The study authors highlighted that Guardant360 and ctDx-Lung referenced different probe lengths, which they believe might have impacted target fragment capture efficiency.

"We attach these little 40 base probes and perform primer extension, where we attach the probes, extend them, and recreate the other half of the molecule," Li explained.

Li also noted that the ctDx assay identifies the breakpoint — where the genes fuse together — and is gene fusion partners agnostic, allowing for novel partner discovery. Because the probes are only 40 base pairs in length, the firm can create custom assays that are straightforward, optimized for fusion detection, and do not require changes in the wet lab protocol.
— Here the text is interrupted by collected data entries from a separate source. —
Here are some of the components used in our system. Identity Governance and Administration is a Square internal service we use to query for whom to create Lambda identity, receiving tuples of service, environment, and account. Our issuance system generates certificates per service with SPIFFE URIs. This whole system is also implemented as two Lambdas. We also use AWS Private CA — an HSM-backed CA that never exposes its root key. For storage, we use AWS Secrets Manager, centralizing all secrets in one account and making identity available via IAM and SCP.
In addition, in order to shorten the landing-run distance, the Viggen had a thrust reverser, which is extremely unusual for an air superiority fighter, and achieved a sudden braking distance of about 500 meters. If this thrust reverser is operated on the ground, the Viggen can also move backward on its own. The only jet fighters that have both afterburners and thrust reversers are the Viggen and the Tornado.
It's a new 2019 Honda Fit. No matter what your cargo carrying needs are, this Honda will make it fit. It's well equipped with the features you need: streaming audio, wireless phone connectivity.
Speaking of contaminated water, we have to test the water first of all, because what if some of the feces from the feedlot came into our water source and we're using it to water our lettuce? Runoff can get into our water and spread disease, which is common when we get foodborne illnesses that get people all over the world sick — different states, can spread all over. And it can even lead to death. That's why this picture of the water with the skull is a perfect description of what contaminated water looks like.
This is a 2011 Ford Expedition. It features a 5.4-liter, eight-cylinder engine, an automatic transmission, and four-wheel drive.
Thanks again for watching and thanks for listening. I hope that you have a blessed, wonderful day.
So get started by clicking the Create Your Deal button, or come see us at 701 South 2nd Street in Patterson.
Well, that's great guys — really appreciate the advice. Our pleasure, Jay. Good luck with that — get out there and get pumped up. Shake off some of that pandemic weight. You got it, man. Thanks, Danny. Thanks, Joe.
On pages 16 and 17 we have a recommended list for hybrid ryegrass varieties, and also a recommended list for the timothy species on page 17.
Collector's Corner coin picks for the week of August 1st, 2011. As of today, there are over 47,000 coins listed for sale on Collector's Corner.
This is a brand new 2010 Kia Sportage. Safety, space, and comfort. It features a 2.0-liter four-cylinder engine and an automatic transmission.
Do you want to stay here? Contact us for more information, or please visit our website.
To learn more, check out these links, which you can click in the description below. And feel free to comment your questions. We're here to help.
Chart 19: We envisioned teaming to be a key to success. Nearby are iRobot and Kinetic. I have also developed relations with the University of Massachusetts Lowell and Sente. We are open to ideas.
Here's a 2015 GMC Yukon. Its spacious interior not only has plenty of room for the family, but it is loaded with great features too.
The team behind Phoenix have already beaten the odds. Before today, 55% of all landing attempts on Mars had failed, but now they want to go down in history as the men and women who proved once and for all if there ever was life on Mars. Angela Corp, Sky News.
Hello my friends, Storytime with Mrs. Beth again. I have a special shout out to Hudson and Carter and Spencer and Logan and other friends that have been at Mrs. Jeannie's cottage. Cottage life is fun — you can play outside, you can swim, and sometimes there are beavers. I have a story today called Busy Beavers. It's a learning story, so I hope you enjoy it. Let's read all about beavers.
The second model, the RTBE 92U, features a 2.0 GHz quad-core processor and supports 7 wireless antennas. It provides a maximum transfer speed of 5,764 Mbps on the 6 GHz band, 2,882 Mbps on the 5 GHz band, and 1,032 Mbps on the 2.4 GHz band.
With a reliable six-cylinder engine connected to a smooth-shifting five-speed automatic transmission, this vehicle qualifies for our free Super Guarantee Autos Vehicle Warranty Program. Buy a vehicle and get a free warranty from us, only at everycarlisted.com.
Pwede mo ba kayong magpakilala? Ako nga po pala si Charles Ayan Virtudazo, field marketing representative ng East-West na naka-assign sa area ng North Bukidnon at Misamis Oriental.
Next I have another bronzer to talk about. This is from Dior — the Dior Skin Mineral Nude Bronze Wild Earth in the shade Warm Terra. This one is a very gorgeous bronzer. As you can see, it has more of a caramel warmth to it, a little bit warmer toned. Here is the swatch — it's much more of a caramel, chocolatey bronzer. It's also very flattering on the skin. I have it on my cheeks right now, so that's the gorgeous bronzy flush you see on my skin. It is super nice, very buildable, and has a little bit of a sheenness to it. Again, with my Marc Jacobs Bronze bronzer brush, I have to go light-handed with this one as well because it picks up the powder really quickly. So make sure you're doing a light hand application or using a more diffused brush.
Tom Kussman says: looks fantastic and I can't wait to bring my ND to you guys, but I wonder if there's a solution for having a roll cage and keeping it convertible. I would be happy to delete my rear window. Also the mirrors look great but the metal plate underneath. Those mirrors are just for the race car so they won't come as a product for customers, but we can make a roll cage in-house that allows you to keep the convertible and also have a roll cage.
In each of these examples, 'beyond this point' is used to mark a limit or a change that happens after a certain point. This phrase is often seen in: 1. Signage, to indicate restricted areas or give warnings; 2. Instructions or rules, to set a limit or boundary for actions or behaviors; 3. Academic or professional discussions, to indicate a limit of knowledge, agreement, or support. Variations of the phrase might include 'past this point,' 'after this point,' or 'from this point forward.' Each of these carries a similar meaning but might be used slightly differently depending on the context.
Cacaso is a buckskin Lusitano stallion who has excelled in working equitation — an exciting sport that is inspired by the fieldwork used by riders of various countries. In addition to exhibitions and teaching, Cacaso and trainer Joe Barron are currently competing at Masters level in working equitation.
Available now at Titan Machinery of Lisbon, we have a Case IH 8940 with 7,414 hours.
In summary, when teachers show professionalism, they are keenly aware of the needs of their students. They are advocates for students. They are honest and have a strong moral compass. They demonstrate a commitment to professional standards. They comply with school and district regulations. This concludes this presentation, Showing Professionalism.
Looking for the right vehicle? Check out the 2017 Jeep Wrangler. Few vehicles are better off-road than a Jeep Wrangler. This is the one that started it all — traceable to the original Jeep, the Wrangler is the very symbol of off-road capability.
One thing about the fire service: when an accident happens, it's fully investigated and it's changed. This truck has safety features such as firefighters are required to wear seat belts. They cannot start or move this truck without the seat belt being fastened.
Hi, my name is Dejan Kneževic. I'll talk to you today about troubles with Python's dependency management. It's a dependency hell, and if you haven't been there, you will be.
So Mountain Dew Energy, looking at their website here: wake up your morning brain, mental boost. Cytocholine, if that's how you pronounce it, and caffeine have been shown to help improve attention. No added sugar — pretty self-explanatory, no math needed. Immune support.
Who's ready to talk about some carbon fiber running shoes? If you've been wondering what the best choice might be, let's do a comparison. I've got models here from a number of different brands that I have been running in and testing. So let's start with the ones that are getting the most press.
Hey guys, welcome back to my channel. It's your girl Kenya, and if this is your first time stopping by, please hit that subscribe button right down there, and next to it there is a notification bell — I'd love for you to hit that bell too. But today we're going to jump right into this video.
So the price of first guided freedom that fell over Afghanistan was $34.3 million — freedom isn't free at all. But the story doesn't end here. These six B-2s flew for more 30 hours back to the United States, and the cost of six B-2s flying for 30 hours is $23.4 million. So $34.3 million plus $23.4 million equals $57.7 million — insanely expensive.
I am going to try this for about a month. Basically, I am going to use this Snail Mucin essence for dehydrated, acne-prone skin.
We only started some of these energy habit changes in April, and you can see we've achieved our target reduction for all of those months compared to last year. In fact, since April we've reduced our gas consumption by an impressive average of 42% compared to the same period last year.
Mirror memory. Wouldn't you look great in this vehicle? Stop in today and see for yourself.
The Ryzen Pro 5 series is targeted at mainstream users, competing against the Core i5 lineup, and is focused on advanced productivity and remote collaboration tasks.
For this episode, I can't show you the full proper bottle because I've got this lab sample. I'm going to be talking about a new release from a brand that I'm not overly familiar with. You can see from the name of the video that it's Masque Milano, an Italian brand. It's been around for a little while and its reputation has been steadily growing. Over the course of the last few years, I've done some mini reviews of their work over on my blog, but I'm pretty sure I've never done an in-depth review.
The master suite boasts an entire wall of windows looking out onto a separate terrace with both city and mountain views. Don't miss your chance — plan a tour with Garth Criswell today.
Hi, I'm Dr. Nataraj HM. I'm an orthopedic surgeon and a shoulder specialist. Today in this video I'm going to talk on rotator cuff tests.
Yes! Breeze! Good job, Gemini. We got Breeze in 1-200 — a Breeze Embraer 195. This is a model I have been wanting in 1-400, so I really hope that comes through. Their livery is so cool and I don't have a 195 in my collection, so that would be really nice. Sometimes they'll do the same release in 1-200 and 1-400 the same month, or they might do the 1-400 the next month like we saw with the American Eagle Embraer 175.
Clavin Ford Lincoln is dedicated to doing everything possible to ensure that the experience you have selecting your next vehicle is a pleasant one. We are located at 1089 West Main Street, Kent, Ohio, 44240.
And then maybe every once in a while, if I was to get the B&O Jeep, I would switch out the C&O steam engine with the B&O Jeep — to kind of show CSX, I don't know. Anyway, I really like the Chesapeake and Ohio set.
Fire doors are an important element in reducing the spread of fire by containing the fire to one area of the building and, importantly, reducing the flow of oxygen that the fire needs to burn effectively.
Li argued that large capture probes or amplicons will not "stick" or capture to the gene fusion fragment as well as shorter probes, reducing detection or the detected allele frequency. However, he acknowledged that users need to be careful with potentially detecting off-target reads when using shorter probes such as the ctDx platform. Li noted that due to its proprietary chemistry, the ctDx platform has upwards of 99 percent on-target rates, allowing sequencing requirements and therefore costs.

Overall, the researchers wrote that they believe that benchmarking plasma genotyping assays should focus on actionable mutations, in addition to using a tumor as a reference standard to establish clinical specificities.

In addition, the study authors noted that bioinformatics differences may affect variant calling. The team found increased reporting of unusual breakpoints by ctDx-Lung compared to the Guardant360. At the same time, repeating an analysis with Guardant using the latest data analysis pipeline also produced two additional fusion calls.

However, the study authors acknowledged that they will need further rigorous evaluation of plasma NGS assays against a tumor standard to effectively identify actionable mutations in more patients for improved treatment and clinical trial enrollment.

In response to the study, a Guardant spokesperson said in an email that the firm has "repeatedly demonstrated best-in-class liquid biopsy performance as evidenced through over 100 peer-review publications."

The spokesperson pointed to a recent validation study published in October 2018 in JAMA Oncology, where researchers compared tissue and liquid-based testing using the Guardant assay. They saw that plasma sequencing increased targetable mutation detection by about 36 percent, in contrast to using tissue biopsy testing alone.

The Guardant spokesperson argued that "properly designed performance comparisons must include a statistically appropriate number of samples, measure both sensitivity and specificity, [and] are ideally prospective and comprise an unbiased sample set blinded to the participants."

The AACR poster states that the study was blinded to both Resolution and the DFCI.

Li said that Resolution Bio aims to have its ctDx cell-free DNA (cfDNA) platform power most liquid biopsy tests in order to increase access to personalized cancer care for patients.

In addition to lung cancer, Li explained that Res Bio has used the ctDx platform in trials to look at prostate cancer, ovarian cancer, breast cancer, cholangio-sarcomas, and bladder cancers. For bladder cancer, the firm has found that the assay works on urine samples and tissue samples as well.

"One of the differences for us is that our probes are 40 bases long," Li said. "Because we work with drug companies, we don't make the 80 to 90 pan-cancer gene panel, and instead make custom panels and have over 60 custom panels created."

According to Li, Resolution is currently working on a companion diagnostic version of the ctDx cfDNA platform that will be a globally distributed, in vitro diagnostic ready kit. The firm soon plans to submit a pre-market approval application to the US Food and Drug Administration.

"I think [the study] confirms that our strategy of capture is working in this challenging cell-free DNA space for more challenging mutations than SNPs and indels," Li said.